Adeli’s Music Blog

John Mellencamp: Life, Death, LIVE and Freedom

Posted in music by adeli on August 1, 2009

John Mellencamp’s 2008 Life, Death, Love and Freedom was loaded with introspection, pessimism, and heavy lyrics; quite prophetic for the times we rolled into soon after. It wasn’t aimed for the general audience though. Only one, “Sweet Love,” would get radio play like Mellencamp’s lighter classics.

While Mellencamp hasn’t always been a singer of happy songs, he always sounded lively enough. His tone has changed though, along with the nation’s, since the beginning of this decade with Trouble No More, Freedom’s Road, and Life, Death, Love and Freedom. His latest release Life, Death, LIVE and Freedom is a collection of live versions of songs from last year’s release, the eight best, including If I Die Sudden, A Ride Back Home, Jena, Longest Days, and Sweet Love.

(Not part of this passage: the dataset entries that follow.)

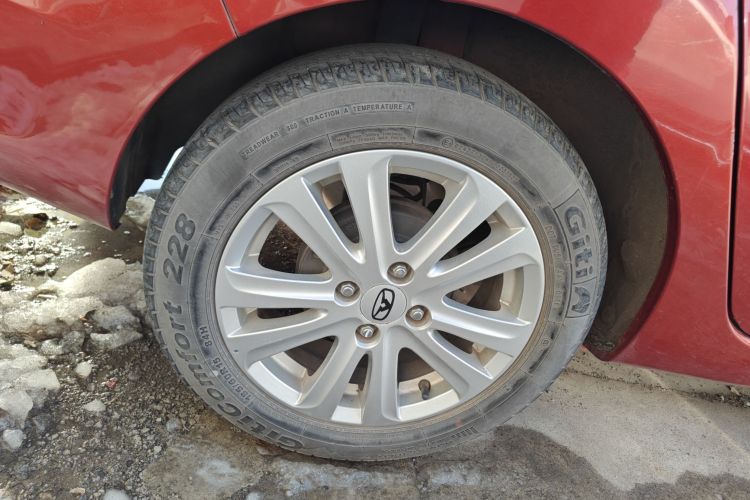 凯翼C3 2015款 1.5L 手动金钻型车身外观6008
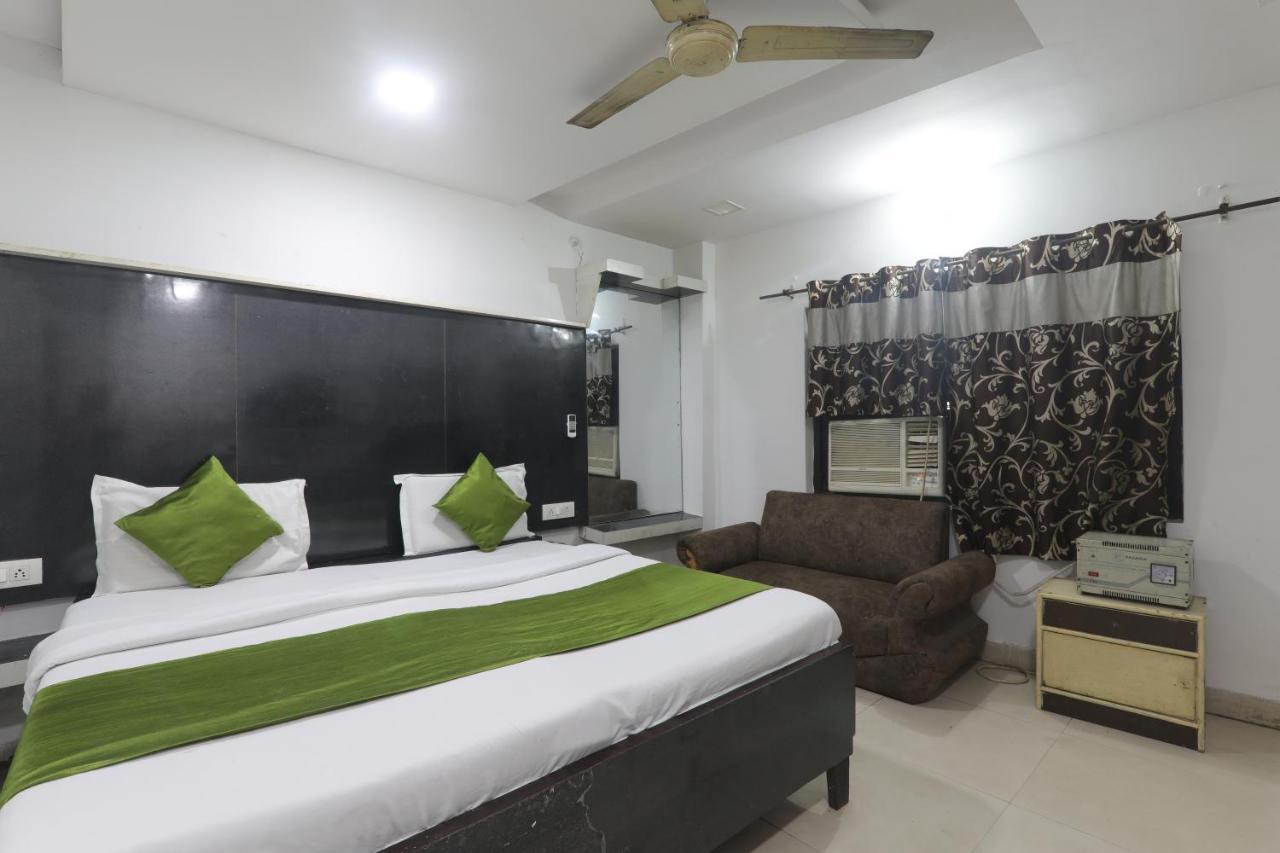 Hotel Dayal Lucknow Luaran gambar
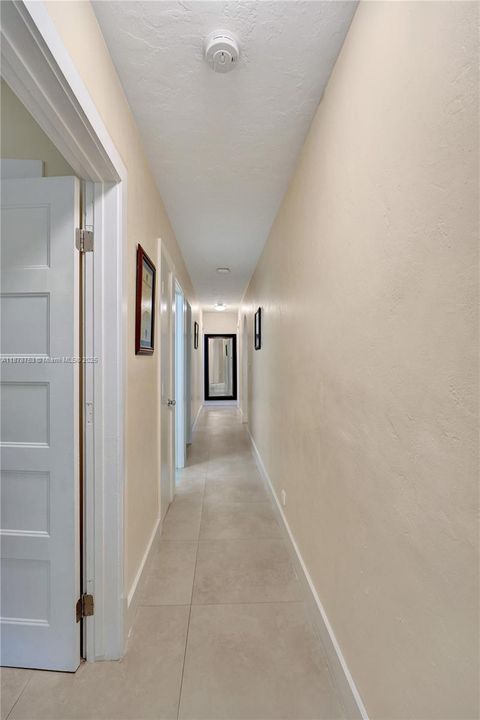 合同活跃: $750,000 (4 贝兹, 2 浴室, 2367 平方英尺)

When Life, Death, Love and Freedom was released last year, I bought it immediately, as any loyal Mellencamp fan would. I remarked that it was a good album but a bit depressing. At the time, I was unhappily working at a café and two songs from LDLF would come up consecutively almost daily, “Longest Days” and “Sweet Love.” Thank goodness, the latter song is peppy and helped me recover from “Longest Days.” When Mellencamp sang: “Nothing lasts forever. And when your best efforts don’t always pay. Sometimes we get sick and we won’t get better…” I wanted to take a knife to my veins (luckily, only plastic was available) or drown in a large vat of frappuccino mix. But there’s good news: The live version of that song doesn’t sound so somber on this new album.

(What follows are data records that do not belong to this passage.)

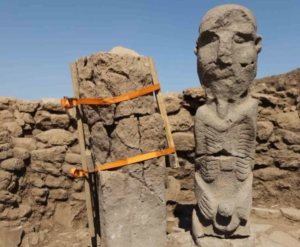 One of the most realistic human statues was found in Karahantepe.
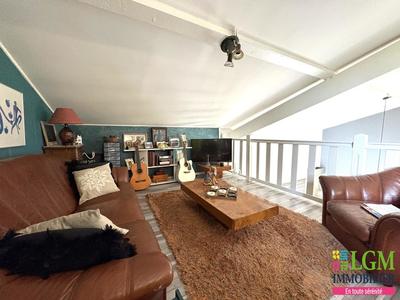 Maison - 2 450 m² - 2 pièces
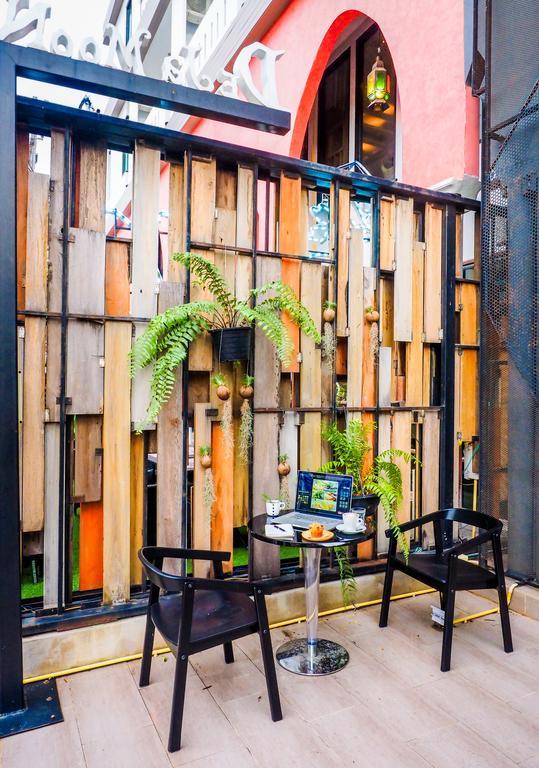 De Ja Moon Hostel 清邁 外观 照片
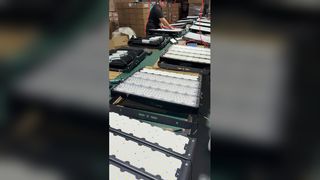 50000 घंटे के जीवनकाल और अनुकूलन योग्य विकल्पों के साथ IP66 वॉटरप्रूफ एलईडी स्टेडियम लाइटिंग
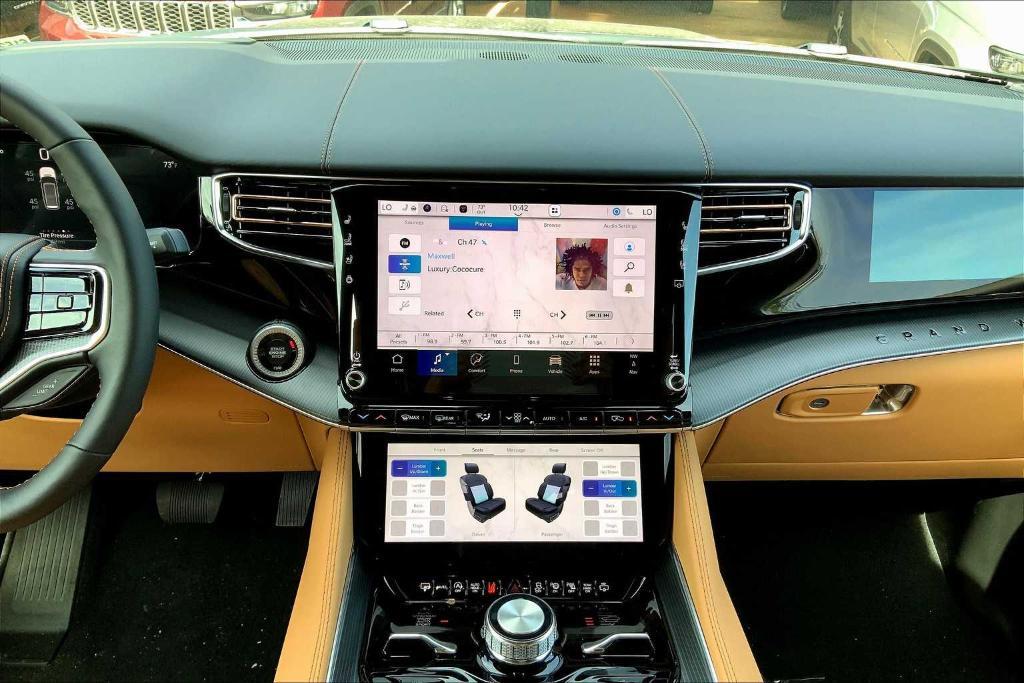 new 2025 Jeep Grand Wagoneer car, priced at $102,630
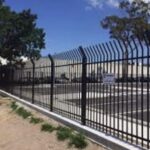 Describe about Fencewright and GARRISON FENCING FEATURES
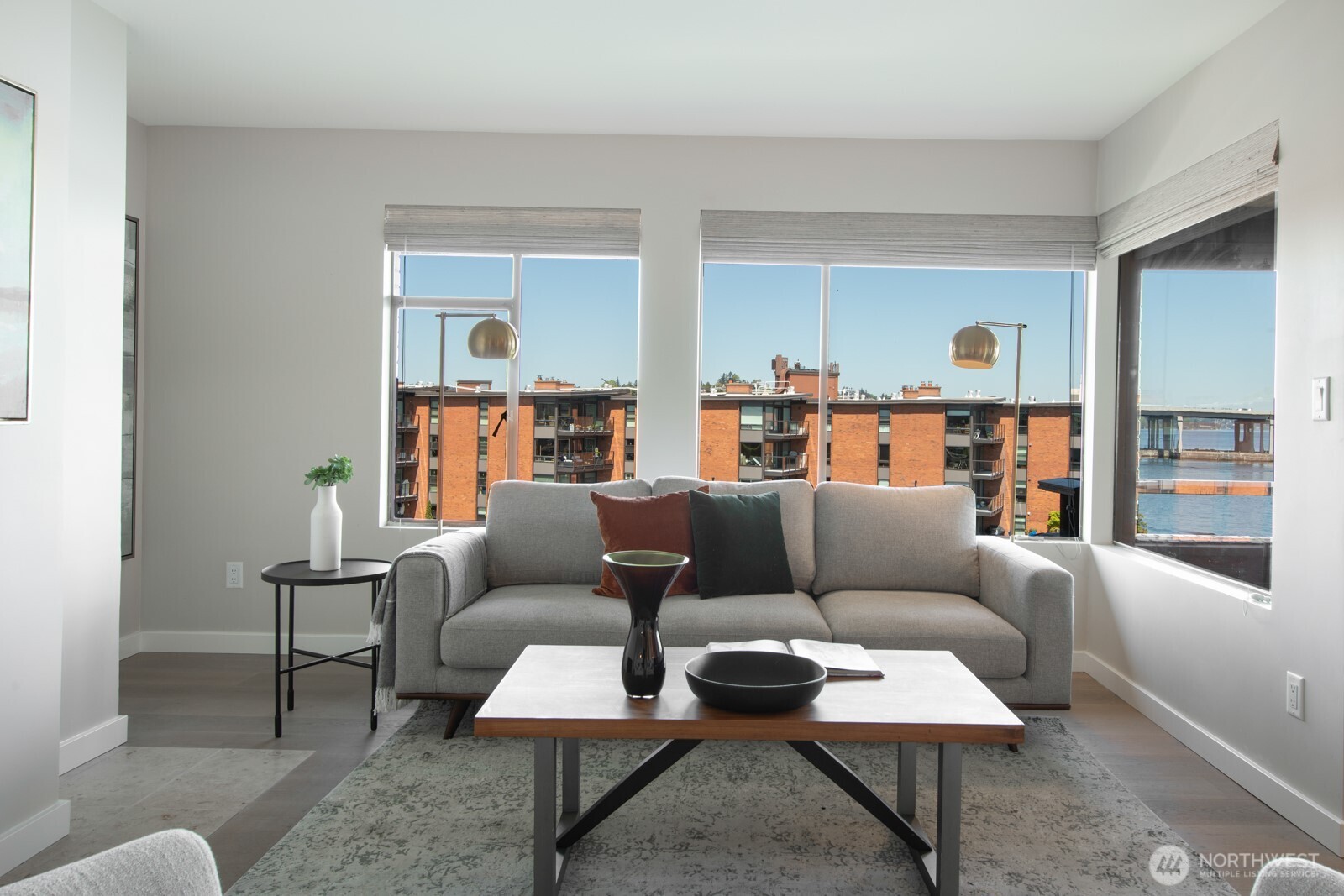 2330 43rd Avenue E #403B, Seattle, WA 98112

So, now you’re thinking: “If that album was so depressing why dredge up those songs again?” Here are a few reasons. John Mellencamp has one of the best bands out there; it’s commanding and gritty, especially live. Mellencamp is a passionate and energetic live performer. Unlike so many artists who sound better when their voices are “remastered” in the studio because they can’t sing live or otherwise, Mellencamp’s raspy voice belts out his songs with equal power in both mediums. And here, the songs sound better than on their studio-recorded counterparts. These songs are presented just as they were performed, with no overdubs or enhancements. It certainly sounds like Mellencamp’s audience is having a great time. The low price of $7.99 is a nice treat too. Each one of these tunes is definitely worth at least a buck. It’s a solid rock concert album.